Fan Xuehui, He Chenyiyi, Xu Jing, Ye Ruixue, Zhao Jingpu, Wang Yulong
Department of Rehabilitation Medicine, The Second, The First Affiliated Hospital of Shenzhen University, People's Hospital of Shenzhen, 3002 Sungang West Road, Futian District, Shenzhen, 518025, Guangdong Province, China.
Department of Rehabilitation, Shenzhen Children's Hospital, Shenzhen, Guangdong Province, China.
BMC Neurol. 2025 Apr 30;25(1):190. doi: 10.1186/s12883-025-04201-9.
This study aims to evaluate the survival and mortality rates of stroke patients after receiving enteral nutrition, and to explore factors influencing long-term survival. With an aging society, nutritional management of stroke patients has become a focus of clinical attention.
This study is based on the MIMIC-IV database, which contains patient data from healthcare institutions in the United States. We included 81 stroke patients who received enteral nutrition, encompassing various subtypes of stroke, specifically subarachnoid hemorrhage, cerebral infarction, and intracerebral hemorrhage. The exposure variable was the type of enteral nutrition, while the outcome variables were survival rates at 30 days, 1 year, and 3 years. Covariates included age, sex, Charlson Comorbidity Index, and minimum blood glucose levels. We employed Kaplan-Meier survival analysis and machine learning models to assess survival rates and their influencing factors.

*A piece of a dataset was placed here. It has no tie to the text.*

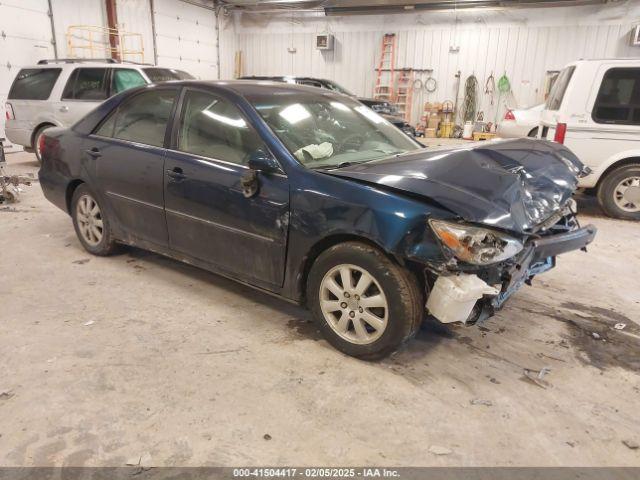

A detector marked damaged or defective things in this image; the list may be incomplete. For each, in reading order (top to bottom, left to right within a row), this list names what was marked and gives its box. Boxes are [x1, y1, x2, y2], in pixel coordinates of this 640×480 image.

damaged hood [330, 138, 584, 233]
broken headlight [428, 219, 524, 264]
detached front bumper [428, 224, 596, 322]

Results showed a 30-day survival rate of 66.67%, indicating 27 patient deaths within the initial 30 days. The 1-year survival rate decreased to 45.68%, with a cumulative death count of 44 during the follow-up period. The 3-year survival rate was 43.21%, with a total of 46 deaths. Kaplan-Meier survival analysis indicated that low-risk group patients had significantly higher survival rates than the high-risk group (p = 0.0229), with higher survival probability in the first 600 days, while the high-risk group showed a significant decline at 400 days. Machine learning model evaluation showed that the XGBoost model had a C-index of 0.80 in predicting survival time, with the Charlson Comorbidity Index being the most important predictor (F score = 12.0). Additionally, factors such as lowest blood glucose, age, and hospital mortality flag significantly influenced survival time.
This study highlights the role of early intervention and nutritional management in improving stroke patient outcomes. Our findings suggest that the Charlson Comorbidity Index, age, and in-hospital mortality markers are major predictors of post-stroke survival. These findings underscore the necessity for personalised nutritional strategies, and they call for validation through prospective multicentre studies.
本研究旨在评估接受肠内营养的中风患者的生存率和死亡率,并探索影响长期生存的因素。随着社会老龄化,中风患者的营养管理已成为临床关注的焦点。
本研究基于MIMIC-IV数据库,该数据库包含来自美国医疗机构的患者数据。我们纳入了81例接受肠内营养的中风患者,涵盖各种中风亚型,具体为蛛网膜下腔出血、脑梗死和脑出血。暴露变量为肠内营养类型,而结局变量为30天、1年和3年的生存率。协变量包括年龄、性别、Charlson合并症指数和最低血糖水平。我们采用Kaplan-Meier生存分析和机器学习模型来评估生存率及其影响因素。
结果显示30天生存率为66.67%,表明在最初30天内有27例患者死亡。1年生存率降至45.68%,随访期间累计死亡44例。3年生存率为43.21%,共有46例死亡。Kaplan-Meier生存分析表明,低风险组患者的生存率显著高于高风险组(p = 0.0229),在前600天生存概率更高,而高风险组在400天时显著下降。机器学习模型评估显示,XGBoost模型在预测生存时间方面的C指数为0.80,Charlson合并症指数是最重要的预测因素(F分数 = 12.0)。此外,最低血糖、年龄和医院死亡率标志等因素对生存时间有显著影响。
本研究强调了早期干预和营养管理在改善中风患者预后中的作用。我们的研究结果表明,Charlson合并症指数、年龄和医院死亡率标志物是中风后生存的主要预测因素。这些发现强调了个性化营养策略的必要性,并呼吁通过前瞻性多中心研究进行验证。